■ Records supplied
▼▼▼
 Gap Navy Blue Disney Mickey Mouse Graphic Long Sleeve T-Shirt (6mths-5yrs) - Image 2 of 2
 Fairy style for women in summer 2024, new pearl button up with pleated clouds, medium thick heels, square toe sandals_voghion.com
▲▲▲
▼▼▼
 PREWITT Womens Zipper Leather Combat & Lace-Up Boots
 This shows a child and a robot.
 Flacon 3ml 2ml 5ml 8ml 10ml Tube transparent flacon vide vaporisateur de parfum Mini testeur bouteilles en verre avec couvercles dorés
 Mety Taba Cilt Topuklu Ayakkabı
▲▲▲
▼▼▼
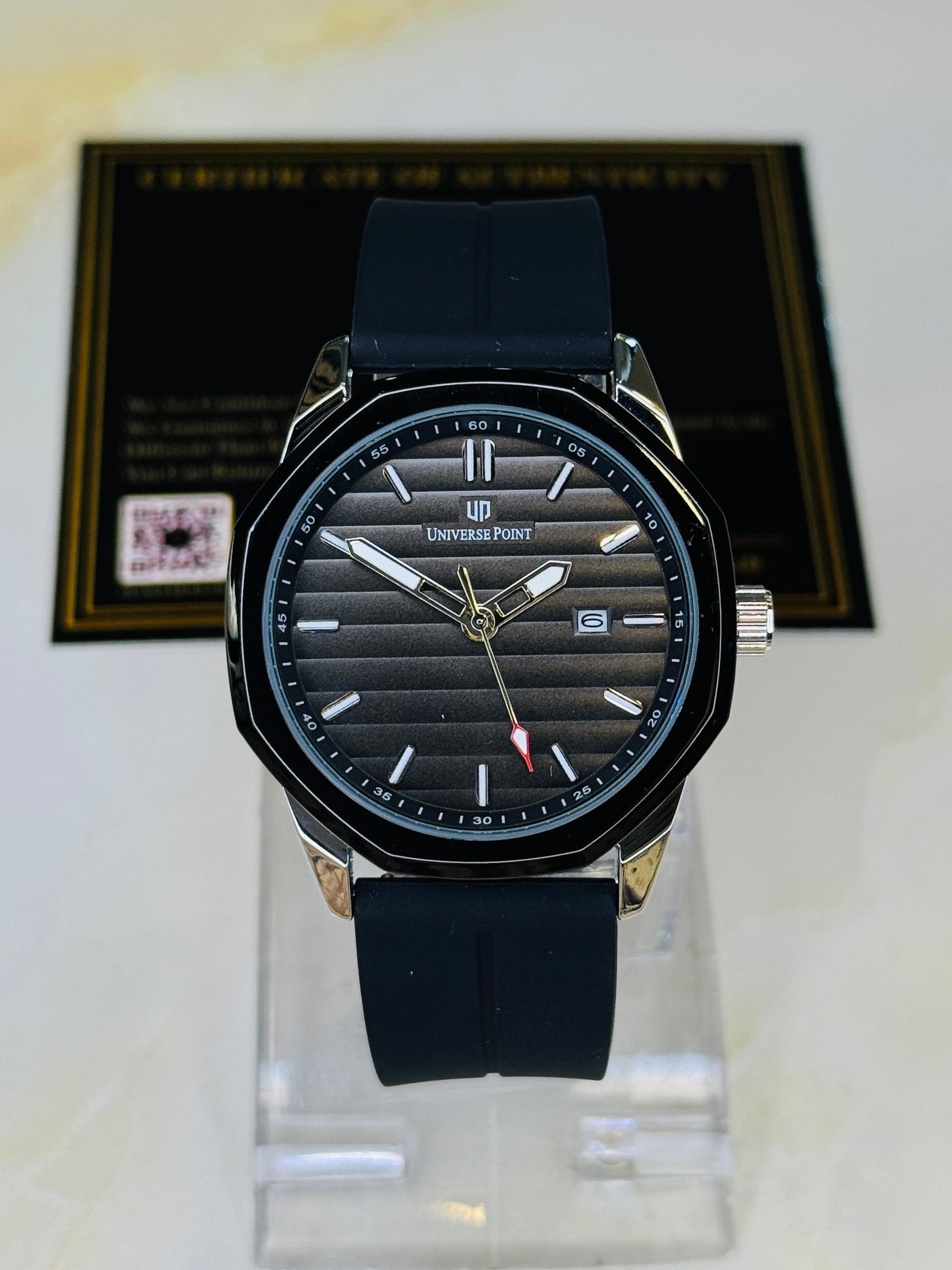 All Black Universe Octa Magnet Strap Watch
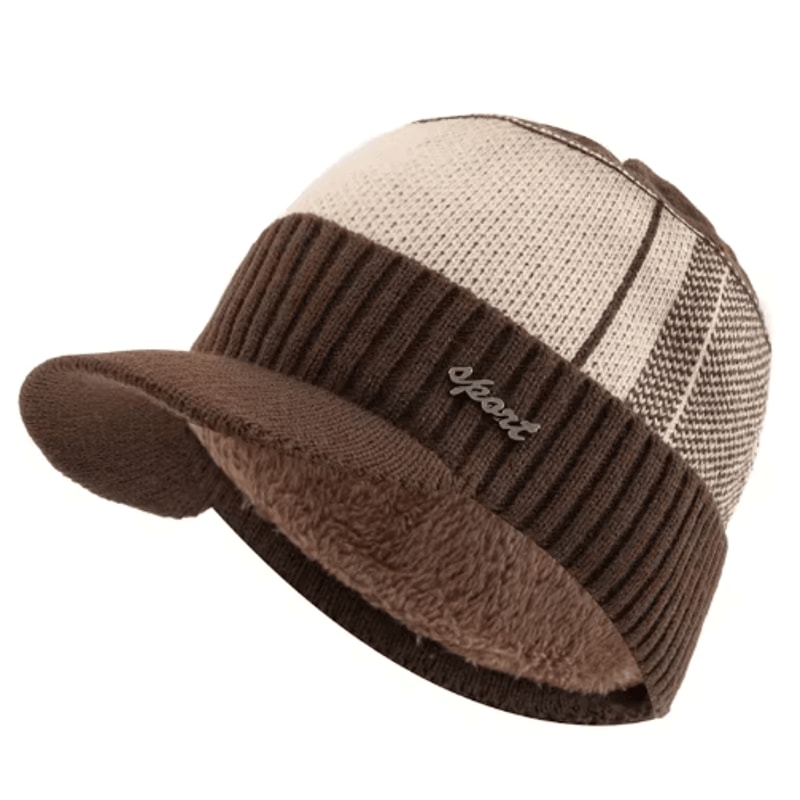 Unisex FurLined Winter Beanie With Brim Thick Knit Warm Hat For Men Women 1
▲▲▲
■ What to work on
From the records above, copy only the lines starting with the line that holds "Gap Navy Blue" and going on through the line that holds "Fairy style for", exactly as written.

■ Response box
 Gap Navy Blue Disney Mickey Mouse Graphic Long Sleeve T-Shirt (6mths-5yrs) - Image 2 of 2
 Fairy style for women in summer 2024, new pearl button up with pleated clouds, medium thick heels, square toe sandals_voghion.com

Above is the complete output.